Like the time our entire family decided to rent one 9-person bike at Disney’s Boardwalk — which, BY THE WAY, has the biggest hills in Florida — and we struggled to push the bike up those hills because all of us had the most uncontrollable giggles. Or the few Thanksgivings we’d spend in Orlando eating at the Wyndham’s incredible buffet. I’m pretty sure one of those trips started with Mimi getting pulled over for going 92 miles per hour on the Florida Turnpike in her bright red Chrysler Town & Country and my grandpa threatening to walk the rest of the way. Or the time we took a 5-day Disney cruise the year before we lost him.

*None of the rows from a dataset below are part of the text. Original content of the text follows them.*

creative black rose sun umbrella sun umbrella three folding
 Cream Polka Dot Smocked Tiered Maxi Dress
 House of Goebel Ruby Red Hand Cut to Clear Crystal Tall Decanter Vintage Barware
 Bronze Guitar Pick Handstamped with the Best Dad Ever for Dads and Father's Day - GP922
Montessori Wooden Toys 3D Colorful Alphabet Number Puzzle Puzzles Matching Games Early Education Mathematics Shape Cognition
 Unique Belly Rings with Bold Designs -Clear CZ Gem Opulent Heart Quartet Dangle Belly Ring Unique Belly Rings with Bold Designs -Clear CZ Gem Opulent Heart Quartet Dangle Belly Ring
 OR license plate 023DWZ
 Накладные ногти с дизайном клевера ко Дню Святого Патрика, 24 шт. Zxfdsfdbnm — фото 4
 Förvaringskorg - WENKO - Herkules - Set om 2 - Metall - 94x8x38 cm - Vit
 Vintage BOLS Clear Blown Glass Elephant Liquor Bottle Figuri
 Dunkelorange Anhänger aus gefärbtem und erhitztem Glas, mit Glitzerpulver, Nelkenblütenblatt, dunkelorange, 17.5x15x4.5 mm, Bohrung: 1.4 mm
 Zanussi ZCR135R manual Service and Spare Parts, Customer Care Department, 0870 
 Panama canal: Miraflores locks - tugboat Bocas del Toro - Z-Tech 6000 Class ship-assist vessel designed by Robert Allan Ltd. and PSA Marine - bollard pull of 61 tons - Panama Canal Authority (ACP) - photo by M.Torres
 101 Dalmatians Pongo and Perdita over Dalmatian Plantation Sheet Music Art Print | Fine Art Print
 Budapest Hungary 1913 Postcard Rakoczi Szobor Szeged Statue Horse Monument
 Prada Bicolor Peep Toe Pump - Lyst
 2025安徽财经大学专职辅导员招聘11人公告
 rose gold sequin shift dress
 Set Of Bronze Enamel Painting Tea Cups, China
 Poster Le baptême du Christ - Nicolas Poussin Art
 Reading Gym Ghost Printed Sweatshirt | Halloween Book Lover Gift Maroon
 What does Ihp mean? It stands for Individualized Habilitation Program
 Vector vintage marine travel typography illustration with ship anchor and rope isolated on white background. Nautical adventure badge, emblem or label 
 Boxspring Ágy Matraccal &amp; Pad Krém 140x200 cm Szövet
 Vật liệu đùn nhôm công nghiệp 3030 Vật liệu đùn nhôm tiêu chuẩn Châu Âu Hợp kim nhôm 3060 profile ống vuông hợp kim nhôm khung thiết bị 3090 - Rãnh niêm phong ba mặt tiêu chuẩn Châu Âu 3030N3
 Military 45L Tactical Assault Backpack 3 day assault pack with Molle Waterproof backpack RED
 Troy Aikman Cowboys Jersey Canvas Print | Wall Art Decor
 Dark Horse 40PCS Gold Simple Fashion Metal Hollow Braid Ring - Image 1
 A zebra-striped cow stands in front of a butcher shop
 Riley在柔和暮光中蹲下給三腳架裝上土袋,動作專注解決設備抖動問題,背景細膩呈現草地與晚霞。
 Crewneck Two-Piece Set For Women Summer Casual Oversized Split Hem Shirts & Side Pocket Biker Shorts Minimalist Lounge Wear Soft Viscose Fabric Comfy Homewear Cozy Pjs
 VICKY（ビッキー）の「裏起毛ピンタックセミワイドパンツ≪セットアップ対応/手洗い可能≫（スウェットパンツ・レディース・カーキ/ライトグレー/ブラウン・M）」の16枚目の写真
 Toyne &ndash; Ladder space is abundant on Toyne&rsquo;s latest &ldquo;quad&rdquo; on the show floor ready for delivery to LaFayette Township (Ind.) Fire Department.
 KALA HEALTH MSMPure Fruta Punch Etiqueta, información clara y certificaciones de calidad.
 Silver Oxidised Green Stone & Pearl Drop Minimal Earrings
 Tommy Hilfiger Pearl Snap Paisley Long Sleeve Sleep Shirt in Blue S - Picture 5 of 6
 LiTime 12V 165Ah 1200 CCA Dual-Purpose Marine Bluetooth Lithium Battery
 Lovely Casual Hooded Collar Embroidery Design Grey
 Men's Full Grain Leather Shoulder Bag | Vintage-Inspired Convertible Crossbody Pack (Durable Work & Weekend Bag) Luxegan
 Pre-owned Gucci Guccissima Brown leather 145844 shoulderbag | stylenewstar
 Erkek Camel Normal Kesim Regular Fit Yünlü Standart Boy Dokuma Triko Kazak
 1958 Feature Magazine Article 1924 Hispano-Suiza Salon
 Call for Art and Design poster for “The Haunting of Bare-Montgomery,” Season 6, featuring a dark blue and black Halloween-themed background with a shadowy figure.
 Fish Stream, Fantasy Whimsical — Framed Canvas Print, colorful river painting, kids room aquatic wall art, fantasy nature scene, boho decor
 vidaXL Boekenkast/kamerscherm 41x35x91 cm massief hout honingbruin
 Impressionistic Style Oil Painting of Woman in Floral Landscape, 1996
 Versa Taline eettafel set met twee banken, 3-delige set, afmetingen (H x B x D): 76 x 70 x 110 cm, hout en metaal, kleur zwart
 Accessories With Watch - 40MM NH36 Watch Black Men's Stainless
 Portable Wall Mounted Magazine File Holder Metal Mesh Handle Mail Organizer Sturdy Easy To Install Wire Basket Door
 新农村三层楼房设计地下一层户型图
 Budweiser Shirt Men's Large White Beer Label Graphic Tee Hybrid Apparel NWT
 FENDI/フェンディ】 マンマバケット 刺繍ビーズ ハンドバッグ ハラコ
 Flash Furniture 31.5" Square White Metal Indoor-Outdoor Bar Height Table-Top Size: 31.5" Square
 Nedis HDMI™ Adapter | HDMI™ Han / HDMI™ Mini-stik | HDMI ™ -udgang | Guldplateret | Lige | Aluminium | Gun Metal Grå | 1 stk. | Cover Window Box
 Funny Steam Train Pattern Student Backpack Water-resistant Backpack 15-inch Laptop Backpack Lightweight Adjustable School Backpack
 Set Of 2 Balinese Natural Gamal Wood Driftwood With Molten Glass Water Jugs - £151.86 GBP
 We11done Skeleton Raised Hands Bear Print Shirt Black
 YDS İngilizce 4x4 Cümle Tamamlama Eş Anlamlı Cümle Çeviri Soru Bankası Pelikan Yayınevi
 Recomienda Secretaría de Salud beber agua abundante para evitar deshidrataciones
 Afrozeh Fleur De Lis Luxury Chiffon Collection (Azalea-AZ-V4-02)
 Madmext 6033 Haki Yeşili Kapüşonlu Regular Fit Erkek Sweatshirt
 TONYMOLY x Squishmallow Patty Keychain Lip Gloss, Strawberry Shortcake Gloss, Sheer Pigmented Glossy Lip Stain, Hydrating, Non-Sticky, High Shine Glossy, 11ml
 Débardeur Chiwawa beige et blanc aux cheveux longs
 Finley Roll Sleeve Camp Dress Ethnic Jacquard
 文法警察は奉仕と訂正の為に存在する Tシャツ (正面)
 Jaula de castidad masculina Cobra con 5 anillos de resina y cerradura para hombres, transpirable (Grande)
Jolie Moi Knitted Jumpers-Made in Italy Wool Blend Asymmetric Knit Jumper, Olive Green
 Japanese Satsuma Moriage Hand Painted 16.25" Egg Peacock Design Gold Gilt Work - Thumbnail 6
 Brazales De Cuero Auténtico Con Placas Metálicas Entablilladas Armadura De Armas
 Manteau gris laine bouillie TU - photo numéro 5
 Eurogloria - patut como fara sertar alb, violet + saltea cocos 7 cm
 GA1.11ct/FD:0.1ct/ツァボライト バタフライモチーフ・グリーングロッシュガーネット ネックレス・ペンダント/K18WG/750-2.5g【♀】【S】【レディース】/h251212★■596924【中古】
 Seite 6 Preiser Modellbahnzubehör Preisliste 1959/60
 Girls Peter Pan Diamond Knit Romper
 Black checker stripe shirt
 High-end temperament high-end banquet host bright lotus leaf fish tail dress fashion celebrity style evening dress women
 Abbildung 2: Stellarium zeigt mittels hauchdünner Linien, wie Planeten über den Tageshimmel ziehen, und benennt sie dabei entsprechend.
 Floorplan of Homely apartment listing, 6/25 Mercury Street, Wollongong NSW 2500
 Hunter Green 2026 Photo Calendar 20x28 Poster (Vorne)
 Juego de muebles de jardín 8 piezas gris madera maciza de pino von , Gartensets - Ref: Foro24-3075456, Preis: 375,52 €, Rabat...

It's hard for me to accept the fact it’s been 20 years because it sounds so long ago, yet it felt like it just happened yesterday. I know exactly where I was, how I reacted, how my parents and brother reacted, how my entire family reacted. I do know somewhere he’s sleeping until 11 a.m. but looking down on all of us when he finally decides to get out of bed.
Miss you and love you, Pop. Now, then, always, forever.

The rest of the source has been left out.